Figure 6: Scatterplot of residuals from the regression of student engagement on student reports of their teachers’ personal interest. Delightful colors are from R’s rainbow() function.

Remembering that residuals indicate misses, or badness of fit, the best fitting line should be the line which makes the residuals as small as possible. In statistics, this means making the variance of the residuals as small as possible (remember that the variance is the square of the standard deviation). This is worth reiterating: the line of best fit, or regression line, is the line which minimizes the variance of the residuals. This might sound a little surprising, because we’ve just said that the regression line is the line which connects the conditional means of the outcome. The fact is that these two lines are one and the same thing! The line which runs through the population mean values is the line which minimizes the variance of the residuals.
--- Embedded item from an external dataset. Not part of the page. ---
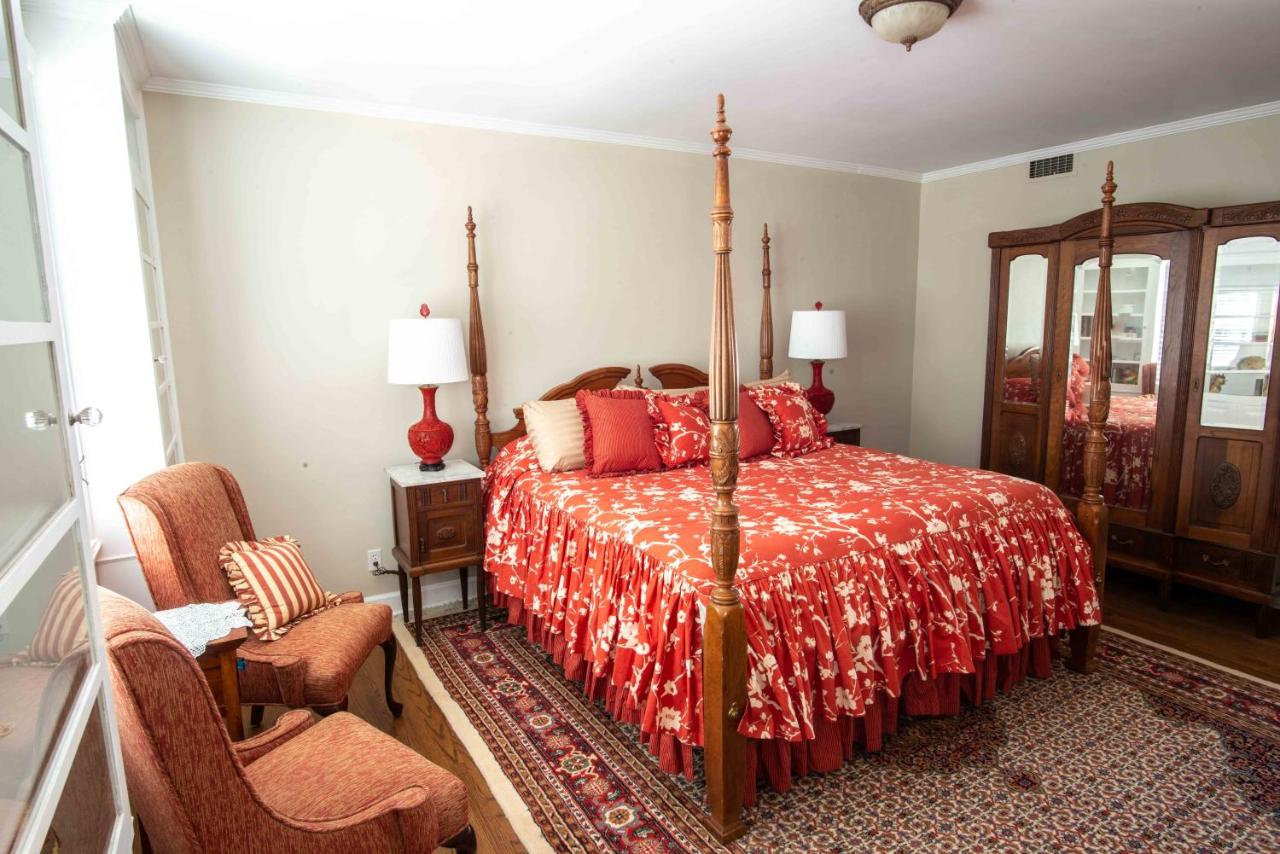  | Valparaiso Inn B&B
This criterion for fitting models is referred to as ordinary least squares, or OLS. It’s the most popular way to define a line of best fit, especially in applied data analysis, though it requires us to make multiple strong assumptions, which we’ll review in a later unit.

Figure 7 shows a pair of possible regression lines which do not minimize the variance of the residuals. Notice that the lines don’t appear to fit the data as well as the correct regression line in @fig:residual_plot. They don’t appear to capture the true association between INTEREST and ENGAGEMENT; the line on the left is too shallow and the line on the right is too steep. But another way to see the problem is that the residuals are larger and more variable in Figure 7 than in Figure 6.

Code

xy1 <- c(2.3,.25)
nc$preds1 <- xy1[1] + xy1[2]*nc$interest
xy2 <- c(0,1)
nc$preds2 <- xy2[1] + xy2[2]*nc$interest

p1 <- nc %>% ggplot(mapping = aes(x = interest, y = engage)) + 
  geom_point(col = rainbow(nrow(nc))) +
  geom_abline(intercept = xy1[1], slope = xy1[2], col = 'rosybrown2') +
  geom_segment(mapping = aes(x = interest, y = engage, xend = interest, yend = preds1), col = rainbow(nrow(nc))) + 
  labs(x = 'Teacher\'s personal interest', y = 'Engagement in class')
p2 <- nc %>% ggplot(mapping = aes(x = interest, y = engage)) + 
  geom_point(col = rainbow(nrow(nc))) +
  geom_abline(intercept = xy2[1], slope = xy2[2], col = 'rosybrown2') +
  geom_segment(mapping = aes(x = interest, y = engage, xend = interest, yend = preds2), col = rainbow(nrow(nc))) + 
  labs(x = 'Teacher\'s personal interest', y = 'Engagement in class')
grid.arrange(p1, p2, ncol = 2)

Figure 7: Scatterplot of residuals from two incorrect regression lines of student engagement on student reports of their teachers’ personal interest. Delightful colors are (still) from R’s rainbow() function. Remember that just because you *can* use a lot of graphical options doesn’t mean that you *should*.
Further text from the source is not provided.